Per diventare adulto, ognuno di noi, ha bisogno di confrontarsi con moltissimi ambiti e saperi e pertanto, come sottolinea Berlinguer "la scuola, intesa come istituzione, deve riformarsi. L'apprendimento per compartimenti standard, diffuso fino a questo momento, non risponde a pieno alle necessità dell'uomo, che ha bisogno anche di esperienza concreta, di praticità. “la scuola per tutti” non sostiene soltanto l'ascolto di quanto appreso, ma deve essere sostenere concretamente la proiezione sociale dell'individuo. La scuola deve diventare multidisciplinare ed abbandonare la logica per dare impulsi continui attraverso l'arte, la sola disciplina in grado di scomporre il reale per poi farlo ricomporre in maniera soggettiva a chi la esercita".
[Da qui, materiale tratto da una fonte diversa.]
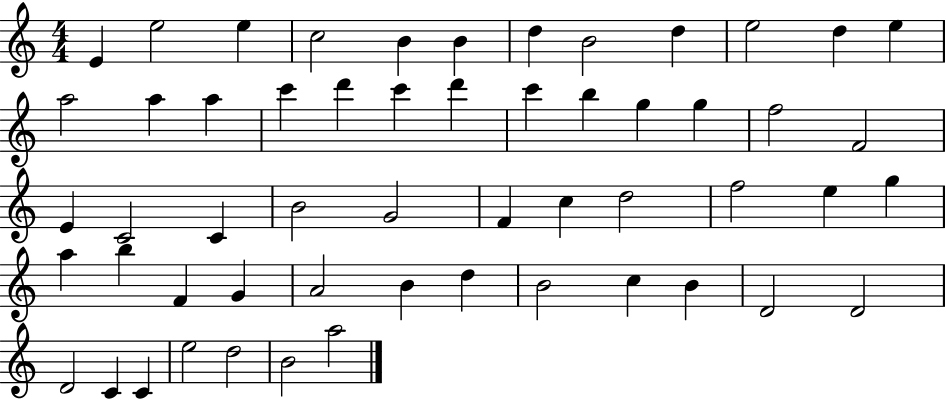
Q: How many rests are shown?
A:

L'arte diventa dunque il solo mezzo capace di arricchire, nella molteplicità delle sue sfumature, l'animo umano. La sua missione pratica è formare individui unici, con propri pensieri, idee, paure e limiti, cittadini veri e consapevoli del proprio valore aggiunto. Per farlo gli uomini devono conquistare il proprio posto all'interno di una società in continua trasformazione, sempre più multilinguistica, ma che a volte sembra dimenticarsi dell'importanza di un linguaggio universale, come quello della musica. Questa, come sottolinea Franco Cambi, citando Rousseau, è di fatto "la prima lingua per l'uomo, basti pensare alla risposta motoria di un bambino quando ascolta i suoni che lo circondano. La forza della musica sta di fatto nel suo essere semantica e allo stesso tempo asemantica, ovvero nella sua capacità di far emergere la spiritualità del sé. E' una potente macchina capace di qualificare di fatto la cura del sé e questa non ci abbandona per tutta la vita, come l'apprendimento è Lifelong learnig".
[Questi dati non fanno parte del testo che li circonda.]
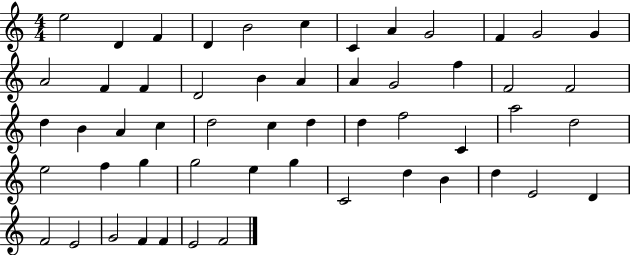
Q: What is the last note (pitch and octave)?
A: F4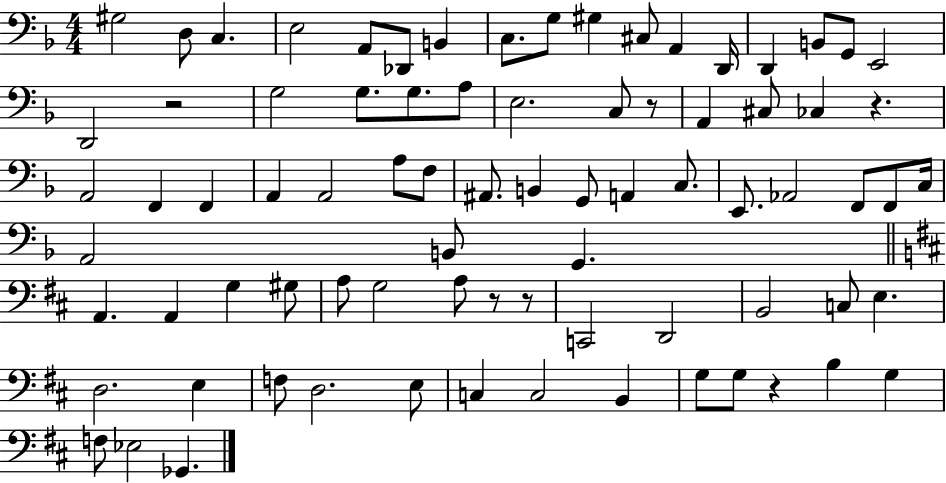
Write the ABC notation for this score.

X:1
T:Untitled
M:4/4
L:1/4
K:F
^G,2 D,/2 C, E,2 A,,/2 _D,,/2 B,, C,/2 G,/2 ^G, ^C,/2 A,, D,,/4 D,, B,,/2 G,,/2 E,,2 D,,2 z2 G,2 G,/2 G,/2 A,/2 E,2 C,/2 z/2 A,, ^C,/2 _C, z A,,2 F,, F,, A,, A,,2 A,/2 F,/2 ^A,,/2 B,, G,,/2 A,, C,/2 E,,/2 _A,,2 F,,/2 F,,/2 C,/4 A,,2 B,,/2 G,, A,, A,, G, ^G,/2 A,/2 G,2 A,/2 z/2 z/2 C,,2 D,,2 B,,2 C,/2 E, D,2 E, F,/2 D,2 E,/2 C, C,2 B,, G,/2 G,/2 z B, G, F,/2 _E,2 _G,,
La musica, è quell'insieme magico di note che, dalle parole dei due studiosi, si è concretizzato nelle mani e nelle composizioni per chitarra di due studenti del Conservatorio di Musica Luigi Cherubini di Firenze, Fernando Sor e Mario Castelnuovo. La melodia, come ha sottolineato il rettore Luigi Dei, "accende il buio, sospende il tempo, fa' volare la fantasia, arricchisce le idee, dona stimoli. Questa musa genera confronto e accende la dialettica, due elementi che di fatto sono il sale dell'apprendimento. La musica come incantamento..., come giustamenta ricorda il titolo dell'incontro di oggi, perché, come sottolinea Berlioz Hector , Fra l'amore e la musica c'è questa differenza: l'amore non può dare l'idea della musica, la musica può dare l'idea dell'amore”.